Rise Vision's digital signage offer goes to the cloud

July 8, 2010 by Dave Haynes

Rise Vision/Rise Display has gone through a shuffling and rethinking over the past year, and it’s been pretty clear from chairman Byron Darlisons Twitter and blog posts that the company was taking its services into the cloud and going big-time on open architecture.

He put up a post Wednesday that talks about the beta release of this new digital signage software and it ‘s interesting to read the thinking behind it and the pricing. Rise, a lot of people in this industry will know, shook things up a couple of years ago with volume SaaS pricing offers that were substantially lower than what the the more well-known guys were quoting.

In a post aimed at the company’s resellers, he writes:

All of which begs the question, what will this new release cost? Well, I can finally tell you how this will work, and please accept my apologies for the delay in getting this to you. It has been a somewhat complicated road to this conclusion – but, I think the result is dead simple.

There is a free version that’s available to everyone but it only updates content once per day, is advertising supported and the displays are not monitored. This means if you change the content on the displays those changes will only be applied once per day and if the display goes offline you won’t be able to tell.

And then there is the premium version, which is only available from you, our Resellers. It updates every minute, the displays are monitored and you can brand it as your solution – pretty much the same way you do it now in Rise Display Network, and just like Rise Display Network, you can create networks of clients beneath your company that you can easily manage, monitor and support. And what will this cost you, our existing Resellers? Nothing for the next 3 years. Yup, you heard it right, NOTHING until September 30, 2013. This is our way of saying thanks to our existing Resellers for sticking with us through this transition.

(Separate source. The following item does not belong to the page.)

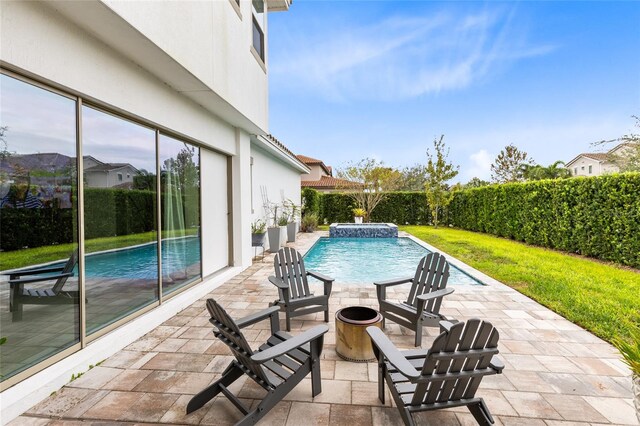 view of swimming pool featuring pool water feature and a patio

And what happens after three years? Or what will it cost a new Reseller to sign-up once we launch? $150 per month – no commitments – cancel at anytime – and you can have unlimited clients and displays on your branded network and we provide forum and email based support to you. You make the network by adding your value to it – by including your services for content creation, procurement, deployment, training, development, advertising, network monitoring, support and maintenance, just to a name a few of the possible value points.

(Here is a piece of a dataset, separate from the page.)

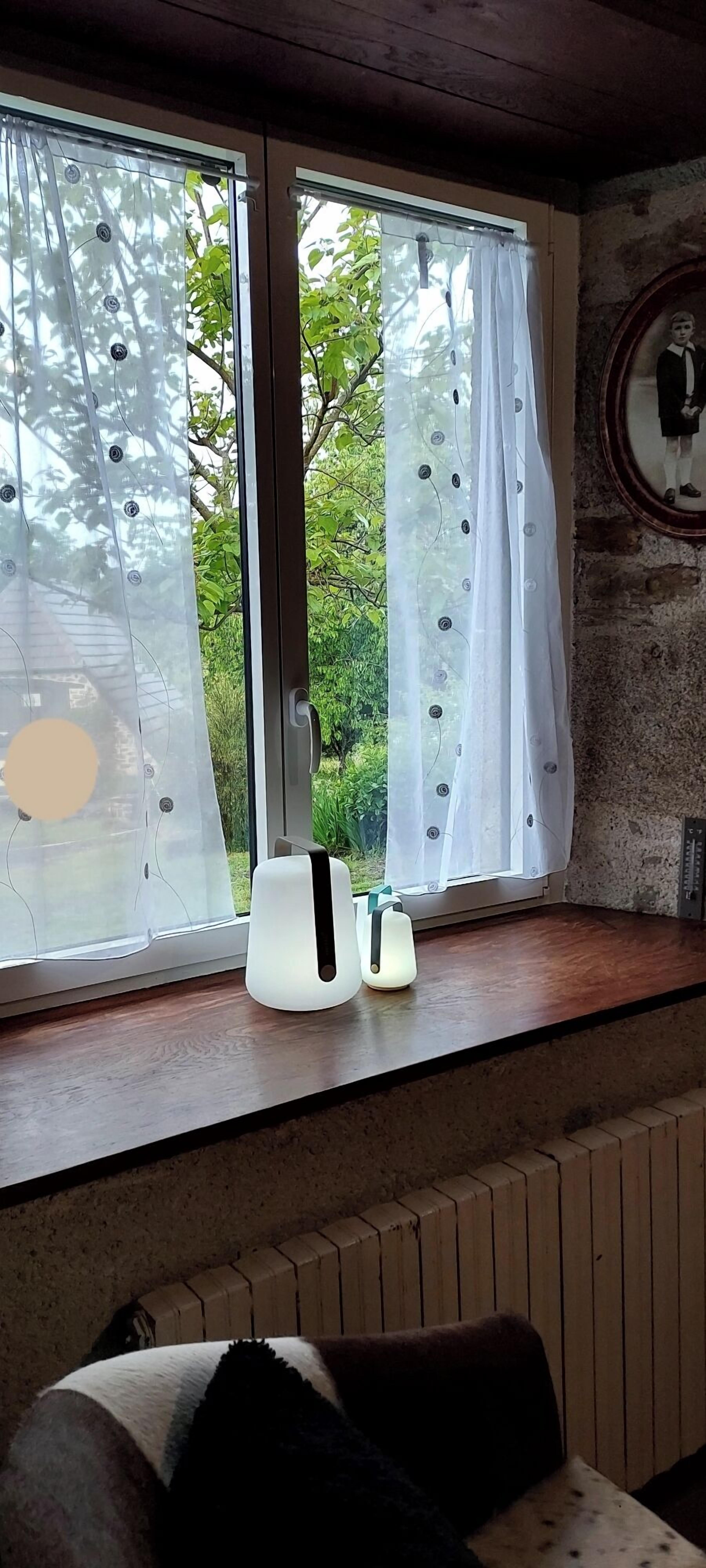 Une pièce avec une grande fenêtre, un radiateur en dessous et un miroir au mur.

A little math example. If you have 100 displays with us now this costs you 100 times $15 per display per month, or $1,500 per month. If you move all of those displays from Rise Display Network to Rise Vision it costs you $0 (ZERO) per month up til September 30, 2013 and after that it costs you $150 per month for your Reseller account, nothing for the displays. And if you add another 200 displays after you move over it still costs you nothing for the next three years and after that it still only costs you $150 per month.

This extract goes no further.